### [WHAT THE TASK REQUIRES]
Look below for the line containing "Autumn And Winter"; from there, print each line exactly up to and including the line containing "Osoba pracuje na", and stop.

### [DATA FOR THIS TASK]
● ● ●
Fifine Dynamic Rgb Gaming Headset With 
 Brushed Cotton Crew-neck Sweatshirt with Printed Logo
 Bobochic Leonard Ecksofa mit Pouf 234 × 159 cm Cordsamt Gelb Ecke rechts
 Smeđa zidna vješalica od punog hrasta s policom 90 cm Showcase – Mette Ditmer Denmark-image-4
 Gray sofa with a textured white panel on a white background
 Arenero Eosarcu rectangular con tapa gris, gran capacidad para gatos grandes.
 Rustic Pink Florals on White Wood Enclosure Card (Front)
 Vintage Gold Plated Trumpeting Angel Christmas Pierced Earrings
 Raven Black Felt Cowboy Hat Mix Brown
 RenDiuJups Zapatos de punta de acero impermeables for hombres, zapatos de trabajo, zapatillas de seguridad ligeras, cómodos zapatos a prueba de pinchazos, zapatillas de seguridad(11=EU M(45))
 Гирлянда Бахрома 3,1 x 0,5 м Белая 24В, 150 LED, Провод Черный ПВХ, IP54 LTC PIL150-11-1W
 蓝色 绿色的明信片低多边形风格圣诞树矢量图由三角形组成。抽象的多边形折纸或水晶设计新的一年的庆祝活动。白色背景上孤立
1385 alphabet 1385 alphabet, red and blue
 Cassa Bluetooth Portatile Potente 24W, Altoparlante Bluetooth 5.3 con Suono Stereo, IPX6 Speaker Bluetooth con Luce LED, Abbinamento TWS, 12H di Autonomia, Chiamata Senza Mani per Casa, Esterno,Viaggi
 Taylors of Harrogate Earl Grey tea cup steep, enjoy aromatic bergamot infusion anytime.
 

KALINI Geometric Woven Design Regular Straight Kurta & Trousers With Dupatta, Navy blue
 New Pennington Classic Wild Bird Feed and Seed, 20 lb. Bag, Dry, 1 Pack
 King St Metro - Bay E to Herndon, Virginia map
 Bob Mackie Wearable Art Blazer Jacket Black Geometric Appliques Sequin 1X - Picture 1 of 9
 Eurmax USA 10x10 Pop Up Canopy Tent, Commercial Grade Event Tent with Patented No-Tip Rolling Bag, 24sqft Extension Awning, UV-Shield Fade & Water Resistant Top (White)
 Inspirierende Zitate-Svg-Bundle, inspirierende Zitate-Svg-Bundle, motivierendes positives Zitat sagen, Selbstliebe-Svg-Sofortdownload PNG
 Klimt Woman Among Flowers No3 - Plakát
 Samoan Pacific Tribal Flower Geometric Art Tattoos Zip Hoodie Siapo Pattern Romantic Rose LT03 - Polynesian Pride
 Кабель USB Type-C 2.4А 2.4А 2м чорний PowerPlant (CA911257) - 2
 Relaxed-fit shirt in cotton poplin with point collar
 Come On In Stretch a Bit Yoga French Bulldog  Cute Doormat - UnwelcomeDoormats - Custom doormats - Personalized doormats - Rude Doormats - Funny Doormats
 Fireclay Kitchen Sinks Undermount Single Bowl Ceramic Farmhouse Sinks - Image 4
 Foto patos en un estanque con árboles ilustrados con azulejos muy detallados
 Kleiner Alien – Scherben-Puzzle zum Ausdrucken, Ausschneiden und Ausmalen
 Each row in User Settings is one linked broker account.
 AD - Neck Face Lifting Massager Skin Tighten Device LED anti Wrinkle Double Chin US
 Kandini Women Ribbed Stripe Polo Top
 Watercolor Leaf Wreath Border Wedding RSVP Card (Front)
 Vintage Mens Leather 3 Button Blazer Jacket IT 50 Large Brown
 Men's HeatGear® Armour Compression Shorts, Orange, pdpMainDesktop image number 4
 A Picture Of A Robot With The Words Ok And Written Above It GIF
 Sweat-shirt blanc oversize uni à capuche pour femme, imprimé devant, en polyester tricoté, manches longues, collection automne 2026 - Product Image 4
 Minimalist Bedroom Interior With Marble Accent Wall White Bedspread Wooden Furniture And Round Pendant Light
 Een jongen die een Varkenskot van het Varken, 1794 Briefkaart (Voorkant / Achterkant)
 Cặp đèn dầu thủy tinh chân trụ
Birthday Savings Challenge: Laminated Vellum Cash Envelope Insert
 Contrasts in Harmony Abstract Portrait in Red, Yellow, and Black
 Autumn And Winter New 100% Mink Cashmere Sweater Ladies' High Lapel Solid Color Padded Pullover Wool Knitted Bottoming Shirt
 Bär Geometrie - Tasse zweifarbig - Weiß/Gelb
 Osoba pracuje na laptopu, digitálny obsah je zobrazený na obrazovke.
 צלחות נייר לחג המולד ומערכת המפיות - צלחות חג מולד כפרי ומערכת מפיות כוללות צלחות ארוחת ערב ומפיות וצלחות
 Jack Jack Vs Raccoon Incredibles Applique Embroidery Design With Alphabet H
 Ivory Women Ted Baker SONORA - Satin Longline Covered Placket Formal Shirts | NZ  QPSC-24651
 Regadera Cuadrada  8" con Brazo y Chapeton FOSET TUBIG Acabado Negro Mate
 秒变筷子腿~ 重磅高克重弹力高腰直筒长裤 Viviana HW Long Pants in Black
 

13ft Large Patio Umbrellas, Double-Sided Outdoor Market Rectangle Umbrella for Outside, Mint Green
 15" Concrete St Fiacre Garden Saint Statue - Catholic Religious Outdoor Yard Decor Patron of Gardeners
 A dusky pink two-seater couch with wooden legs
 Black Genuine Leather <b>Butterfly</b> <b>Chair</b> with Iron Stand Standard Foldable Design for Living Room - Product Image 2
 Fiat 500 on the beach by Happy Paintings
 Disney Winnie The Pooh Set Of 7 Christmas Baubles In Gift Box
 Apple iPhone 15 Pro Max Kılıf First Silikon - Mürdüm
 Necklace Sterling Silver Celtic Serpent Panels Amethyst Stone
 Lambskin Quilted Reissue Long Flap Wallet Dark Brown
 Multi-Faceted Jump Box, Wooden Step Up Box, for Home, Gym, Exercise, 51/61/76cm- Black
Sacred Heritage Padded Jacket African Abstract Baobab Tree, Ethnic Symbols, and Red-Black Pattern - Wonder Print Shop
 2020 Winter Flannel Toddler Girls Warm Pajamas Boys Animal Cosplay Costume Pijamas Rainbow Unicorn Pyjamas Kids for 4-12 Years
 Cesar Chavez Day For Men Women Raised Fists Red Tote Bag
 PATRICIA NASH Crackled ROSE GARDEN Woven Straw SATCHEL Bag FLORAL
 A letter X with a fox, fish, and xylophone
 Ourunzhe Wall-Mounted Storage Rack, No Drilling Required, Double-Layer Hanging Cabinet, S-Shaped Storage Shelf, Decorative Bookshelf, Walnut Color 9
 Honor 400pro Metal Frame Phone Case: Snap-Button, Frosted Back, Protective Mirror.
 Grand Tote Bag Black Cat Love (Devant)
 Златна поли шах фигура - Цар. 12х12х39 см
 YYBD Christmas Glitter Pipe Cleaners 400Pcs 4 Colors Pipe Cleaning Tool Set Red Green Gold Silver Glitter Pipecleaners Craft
● ● ●
### [ANSWER TO THIS TASK]
 Autumn And Winter New 100% Mink Cashmere Sweater Ladies' High Lapel Solid Color Padded Pullover Wool Knitted Bottoming Shirt
 Bär Geometrie - Tasse zweifarbig - Weiß/Gelb
 Osoba pracuje na laptopu, digitálny obsah je zobrazený na obrazovke.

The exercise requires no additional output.